Tchetgen Tchetgen et al. (2020). Identifies the ATE in the presence of an unmeasured confounder using two proxies of that confounder:

  • Z — "treatment-inducing confounding proxy": Z ⊥ Y | (D, U, X).
  • W — "outcome-inducing confounding proxy": W ⊥ D | (U, X).

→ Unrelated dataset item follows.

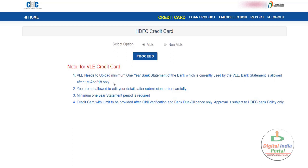There is a note for the VLE credit card. These are the mandatory rules and regulations: VLEs need to upload a minimum one-year bank statement of the bank currently used by the VLE. You can upload any bank statement as a PDF. Bank statements are accepted only from 1st April 2018 onwards. You are not allowed to edit your details after submission, so carefully fill in the application form. Credit card limit will be provided after CIBIL verification and bank due diligence. Just click the proceed button.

plus measured covariates X.

       ┌── Z ──► D ──► Y ──┐
       │                   │
       U ───────────────── U     (U unobserved)
       │                   │
       └────── W ──────────┘

sp.proximal(...) — linear 2SLS on the outcome bridge

Assumes a linear outcome bridge :math:h(W, D, X) = \gamma_0 + \gamma_D D + \gamma_W^\top W + \gamma_X^\top X. Under that restriction the bridge equation reduces to a standard 2SLS problem where W is endogenous and Z is its instrument.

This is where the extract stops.